BRIEF. The result should be the lines from the one holding "A man's hand" to the end of the records below, repeated exactly. No pictures.

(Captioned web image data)
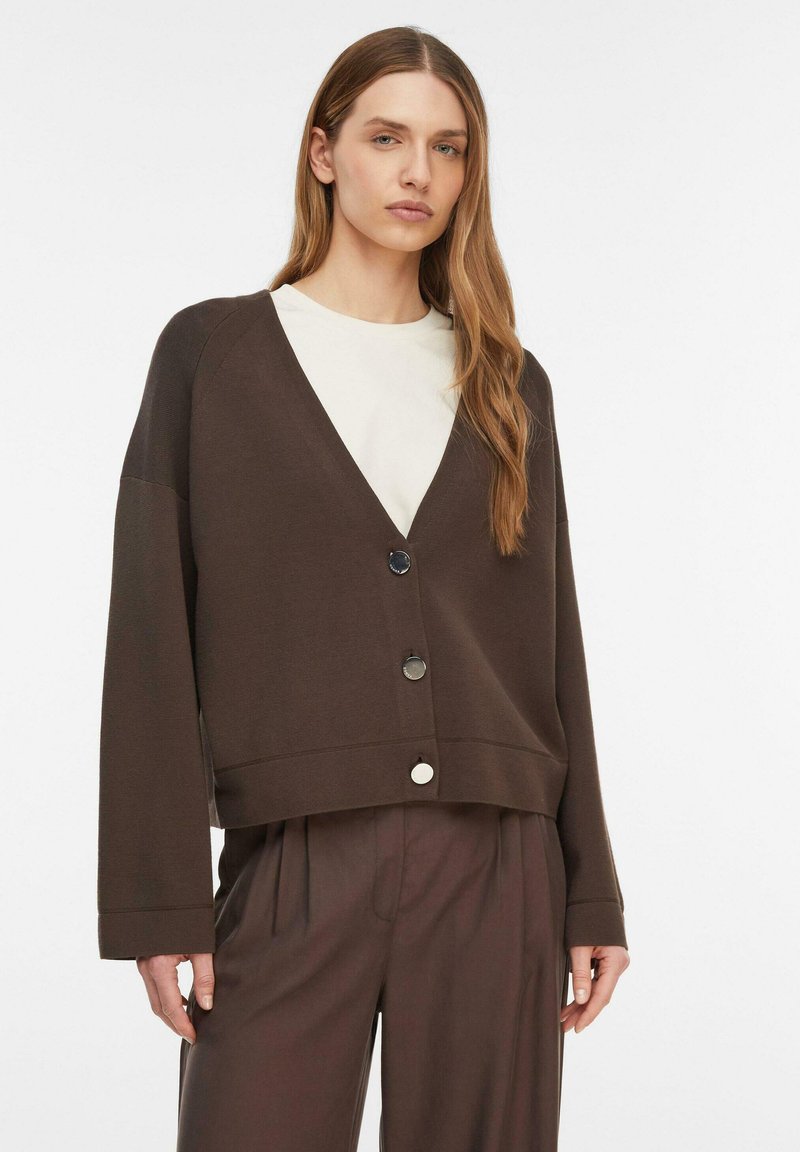 Frau trägt eine locker sitzende, dunkelbraune, geknöpfte Strickjacke über einem weißen Hemd mit passenden braunen, plissierten Hosen vor einem schlichten weißen Hintergrund.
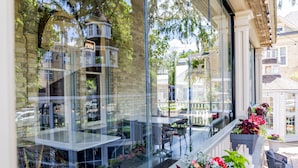 Un restaurant doté d’une terrasse, de murs en verre et d’une façade en briques.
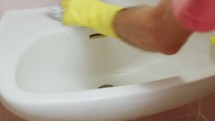 A man's hand cleaning a bathroom sink with brush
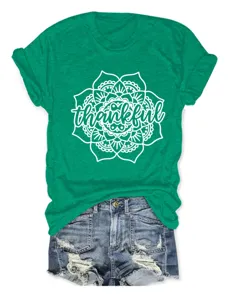 Green short sleeve t-shirt featuring a white floral mandala and thankful graphic print detail.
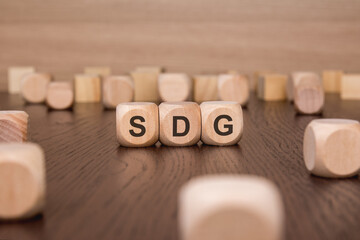 Sticker - SDG text 'Sustainable Development Goals' wooden cube blocks on table background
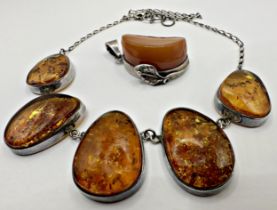 Silver butterscotch amber pendant, 3 x 2.cm (not including bale), 16.1g, with a further silver and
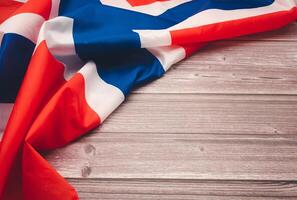 Top view of the Norway flag on a wooden table with copy space for text photo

SOLUTION TO THIS EXERCISE.
 A man's hand cleaning a bathroom sink with brush
 Green short sleeve t-shirt featuring a white floral mandala and thankful graphic print detail.
 Sticker - SDG text 'Sustainable Development Goals' wooden cube blocks on table background
 Silver butterscotch amber pendant, 3 x 2.cm (not including bale), 16.1g, with a further silver and
 Top view of the Norway flag on a wooden table with copy space for text photo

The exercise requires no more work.